In September 2015, Mr. Hun Sen was making the same threats—this time against those who dared to claim that the maps his government used to demarcate the border with Vietnam were the wrong ones.

“Arrest anybody who dares to say that the government has used fake maps,” Mr. Hun Sen said in a speech. “If opposition politicians continue using the sensitive border issue for their political gain, the new thing for the resolution will be to take legal action.”

Amid a torrent of public anger over centuries-old agonies about land losses to Vietnam, it was time for a new twist, and for the prime minister to reassert his supremacy and leave his opponents looking feckless.

In December 2005, Mr. Rainsy was hit with an 18-month prison sentence for defamation, having fled to France after pledging that he was not afraid of any legal action. In November 2015, Mr. Rainsy again fled to France, this time after being hit with a two-year sentence for defamation, after having made the same pledge.

“The United States remains concerned about the continuing deterioration of democratic principles such as free speech and expression in Cambodia,” then-U.S. State Department spokesman Sean McCormack said in December 2005.

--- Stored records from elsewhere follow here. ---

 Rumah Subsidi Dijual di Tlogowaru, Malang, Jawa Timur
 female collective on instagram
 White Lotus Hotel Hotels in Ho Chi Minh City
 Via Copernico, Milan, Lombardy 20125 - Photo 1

“The United States is deeply concerned about the deteriorating political climate in Cambodia in recent weeks,” State Department spokesman Mark Toner said in November 2015.

As the calendar turned, and with Mr. Rainsy out of the country, the time was ripe for a sex scandal against the other opponent. In the current showing, it has been Mr. Sokha who has borne the brunt of the CPP’s campaign.

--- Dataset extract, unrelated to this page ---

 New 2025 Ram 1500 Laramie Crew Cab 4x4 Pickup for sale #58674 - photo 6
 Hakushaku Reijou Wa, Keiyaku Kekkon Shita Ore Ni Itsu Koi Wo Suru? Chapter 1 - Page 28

In 2006, Prince Ranariddh was slammed by the CPP for taking Ouk Phalla, now his wife, as a mistress while still married to Princess Norodom Marie—claims that led the CPP that September to create the Adultery Law.

The claims, like those against Mr. Sokha, had emerged in March, with Prince Ranariddh resigning as Assembly president days after Mr. Hun Sen promised to crack down on mistresses. In October 2006, Prince Ranariddh would be ousted as Funcinpec’s leader and flee to France as the Adultery Law came into force.

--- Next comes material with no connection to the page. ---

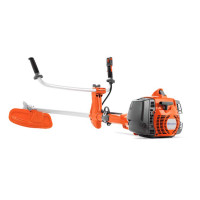 Храсторез Husqvarna 555RXT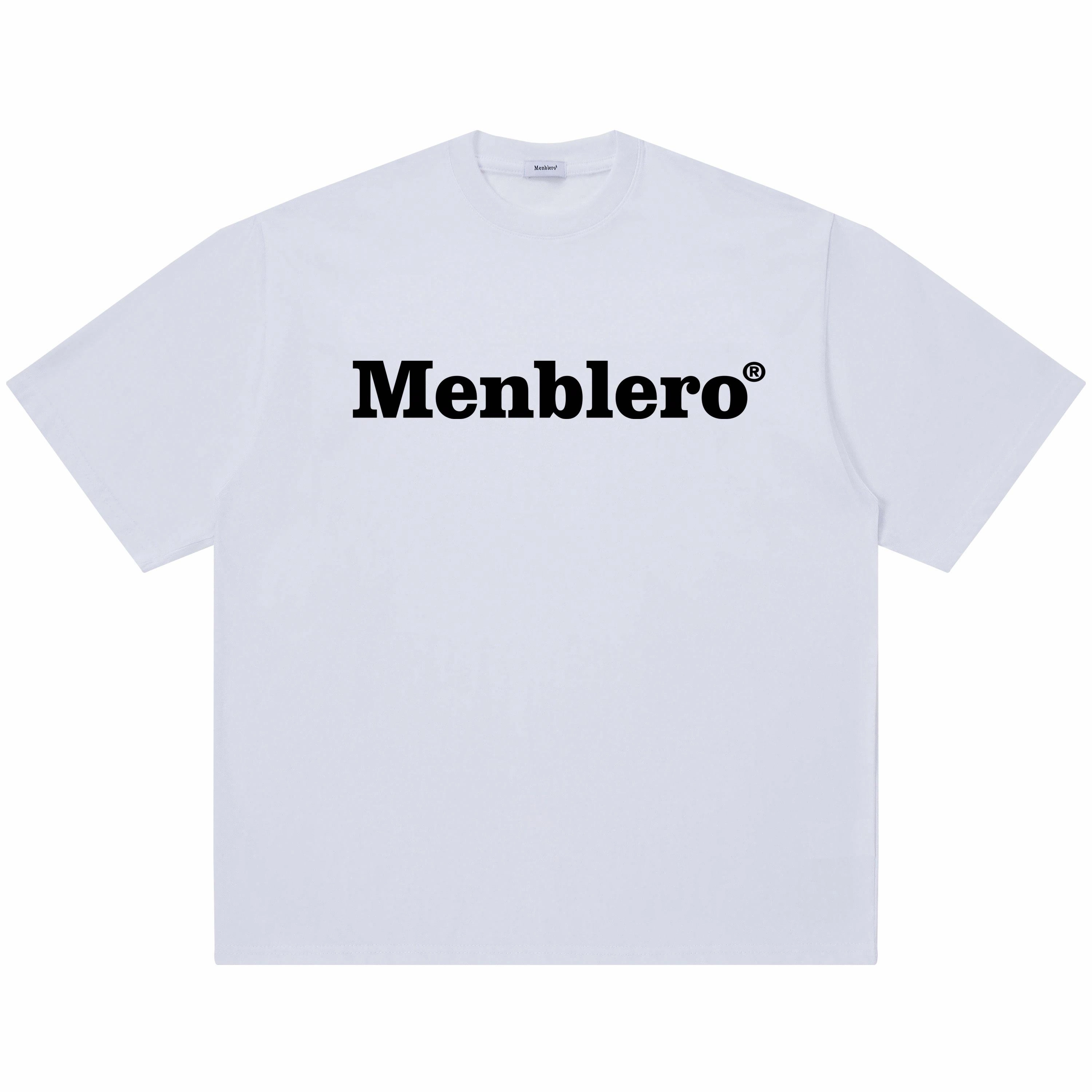Menblero LogoT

Mr. Sokha has proven less willing to play the same part, refusing to back down as the CPP threatens him with arrest for the alleged affair.

So what might be expected for the rest of 2016?

The pressing issue for the remainder of this year is the National Election Committee’s (NEC’s) rebuilding of the voter list—touted as the first step in ensuring a fair vote in the 2017 commune elections and 2018 national election.

It was, of course, the same in late 2006. The NEC’s stuttering efforts to register some 1.2 million voters in October 2006 dominated the news cycle, with the NEC slammed by monitors for technical errors, bureaucratic hurdles and delays that disenfranchised voters.

The secretary-general of the NEC—then, as now, the loyal CPP apparatchik Tep Nytha—denied there were problems and refused to extend the registration period to give those who missed out another chance to register before the 2007 commune elections.

In 2016, as in 2006, voter lists remain the main concern as elections approach. Four months out from registration, Mr. Hun Sen noted last month that many Cambodians still did not have the identification cards required to register to vote.

“It’s not a small issue,” Mr. Hun Sen said on May 26. “Who will be responsible for accusations that 1.5 or 1.2 million people had their names missing?”